**DATASET:**
================================

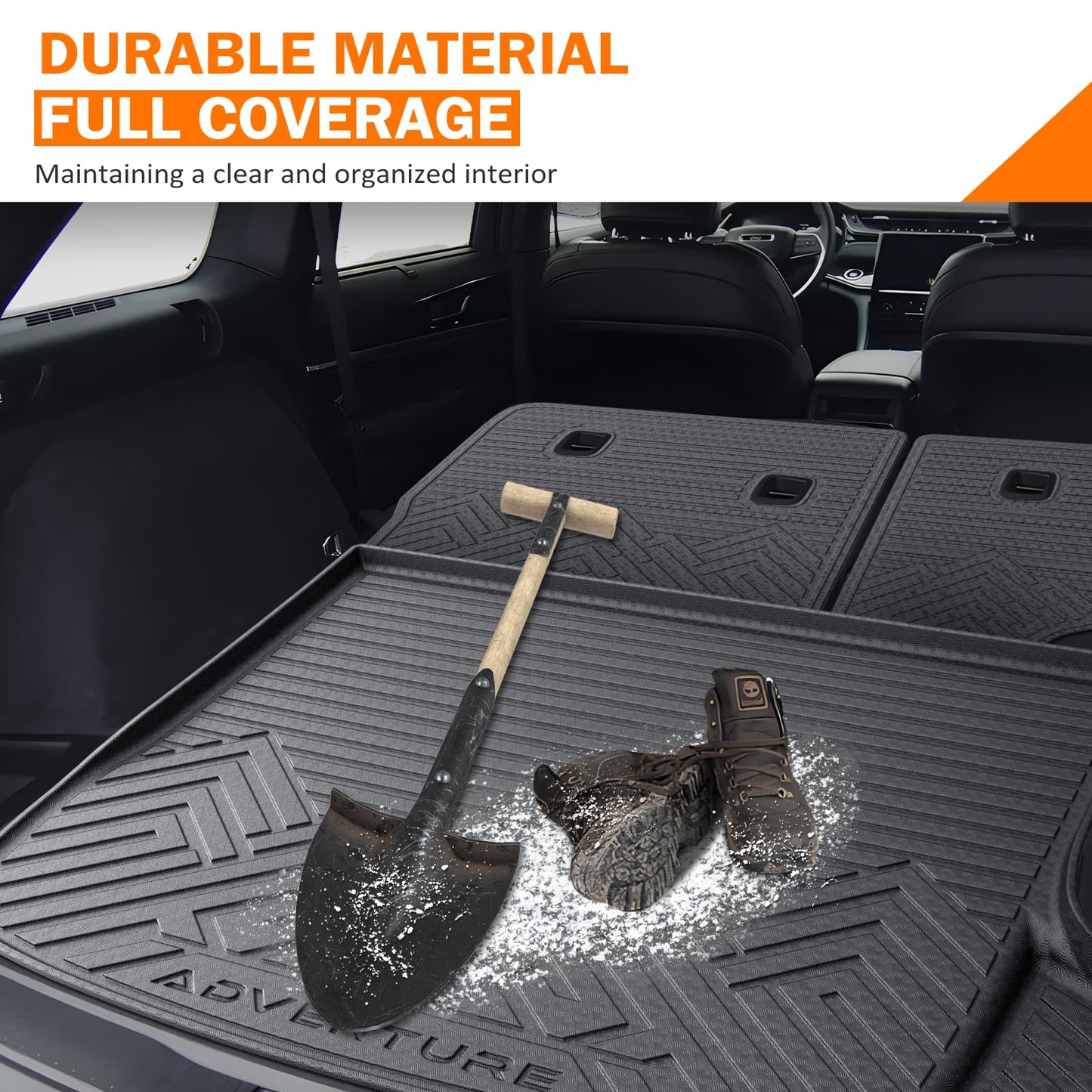 KUST Trunk Cargo Mat for Jeep Grand Cherokee 2011-2021, TPE Rubber Trunk Liner with Backrest Mat for Grand Cherokee Accessories All Weather Back Seat Protector Rear Cargo Liner Raised Edge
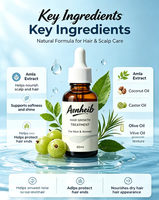 Minyak Pertumbuhan Rambut Herbal 60ml Amla Kelapa Vitamin E Perawatan Kulit Kepala dengan Pipet untuk Pria Wanita Label Pribadi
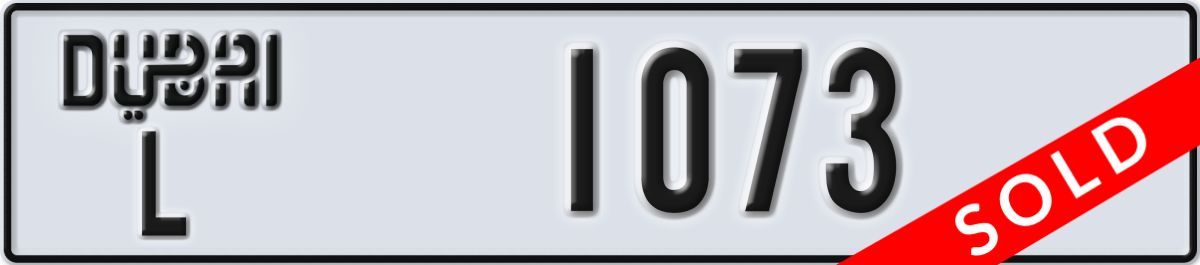 dubai License Plate Number 1073 Code L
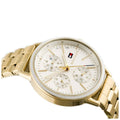 Tommy Hilfiger Carly White Dial Gold Stainless Steel Strap Watch for Women - 1781786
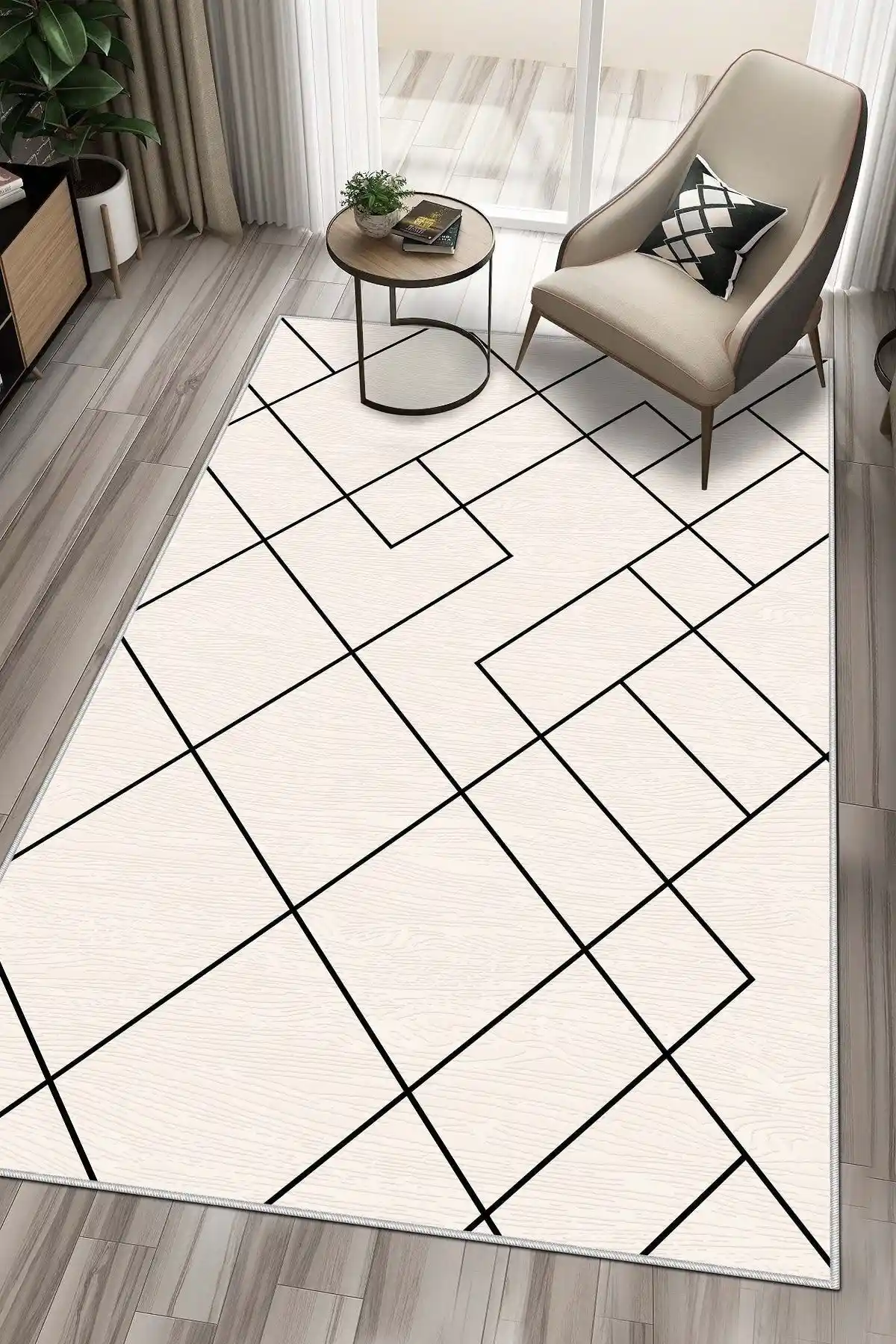 West Home Dijital Baskı Bej Halı Modern Dekorasyon İçin Şık ve Dayanıklı Seçenek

================================

**REQUIREMENT:**
Copy the listing verbatim, omitting images.

**RESPONSE FOR THIS EXERCISE:**
 KUST Trunk Cargo Mat for Jeep Grand Cherokee 2011-2021, TPE Rubber Trunk Liner with Backrest Mat for Grand Cherokee Accessories All Weather Back Seat Protector Rear Cargo Liner Raised Edge
 Minyak Pertumbuhan Rambut Herbal 60ml Amla Kelapa Vitamin E Perawatan Kulit Kepala dengan Pipet untuk Pria Wanita Label Pribadi
 dubai License Plate Number 1073 Code L
 Tommy Hilfiger Carly White Dial Gold Stainless Steel Strap Watch for Women - 1781786
 West Home Dijital Baskı Bej Halı Modern Dekorasyon İçin Şık ve Dayanıklı Seçenek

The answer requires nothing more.